• [Supplied information]
+ + + + +
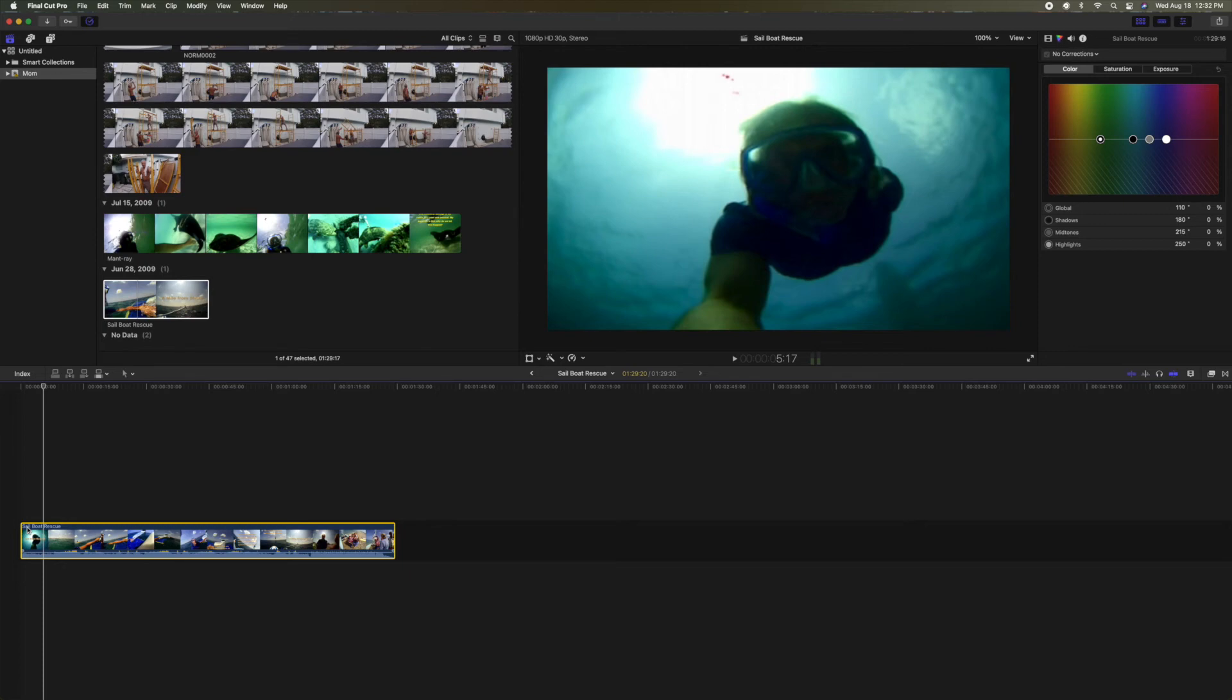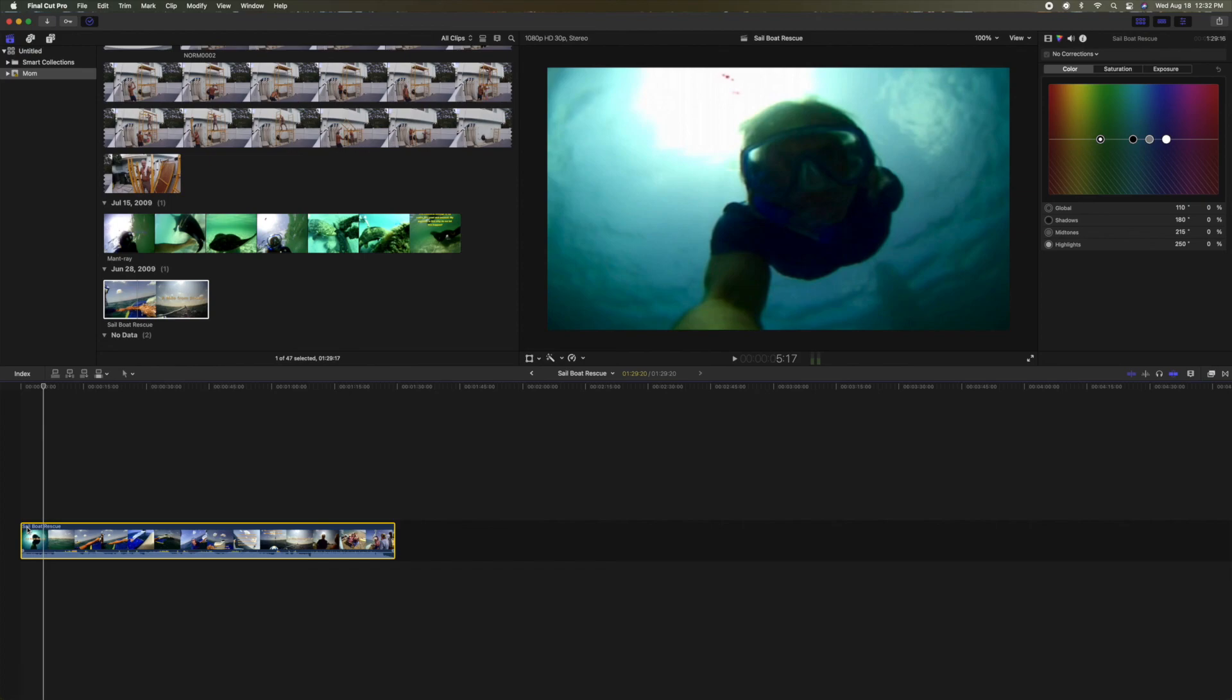So all right, if you like this video subscribe to my channel and check out my other awesome videos on how to use Final Cut Pro. Peace out.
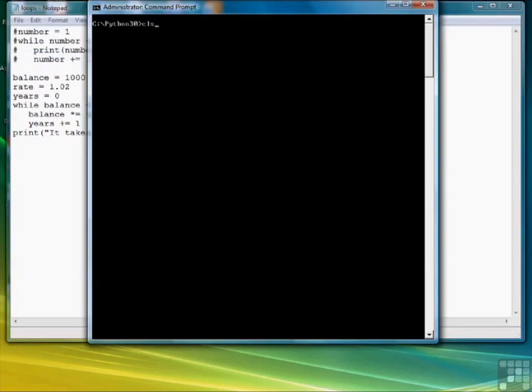Clear the screen, run the script again, and we'll see that it takes 82 years to reach 5,000.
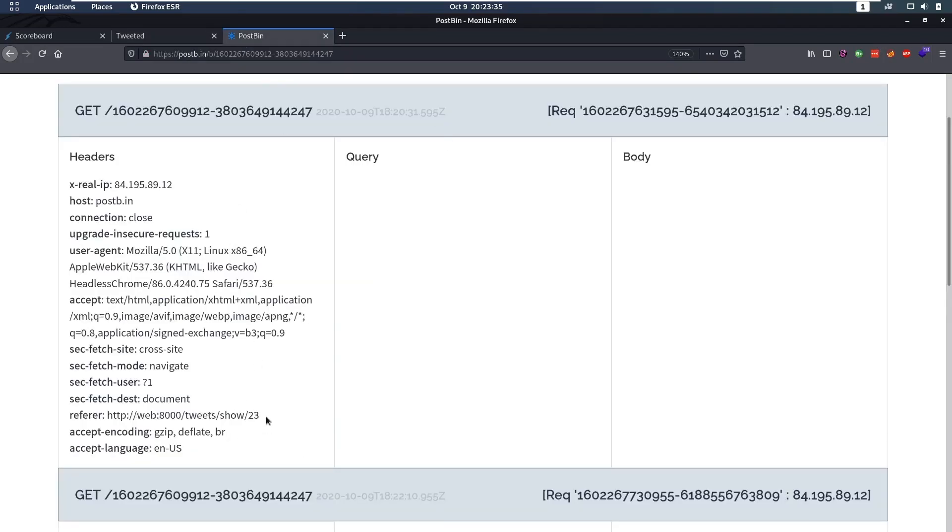And from their headers, I could see that they were referred by this URL, which contains this web part. So that's how I knew that.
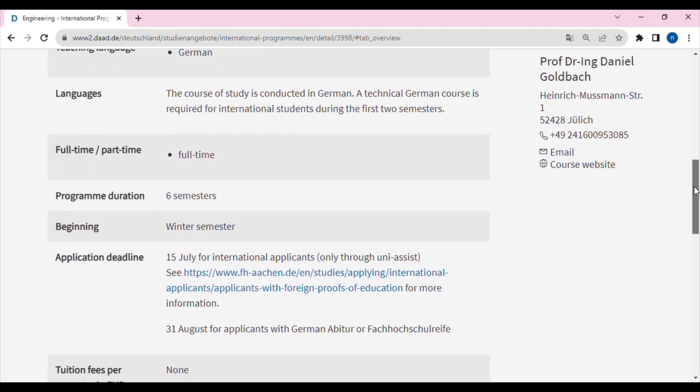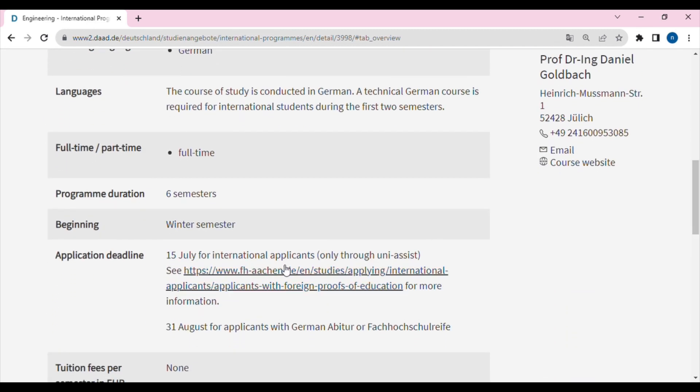Applications go through uni-assist. In Nepal, engineering streams like electrical and mechanical cost a minimum of 10 to 20 lakhs in tuition fees, plus living expenses, books, and pocket money. In Germany, there are many courses available in both English and German, and it is completely free.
+ + + + +
Your copy should start at the line with "Clear the screen, run", stop at the last line of the listing above, match exactly, and contain no pictures.

• [Written response]
Clear the screen, run the script again, and we'll see that it takes 82 years to reach 5,000.
And from their headers, I could see that they were referred by this URL, which contains this web part. So that's how I knew that.
Applications go through uni-assist. In Nepal, engineering streams like electrical and mechanical cost a minimum of 10 to 20 lakhs in tuition fees, plus living expenses, books, and pocket money. In Germany, there are many courses available in both English and German, and it is completely free.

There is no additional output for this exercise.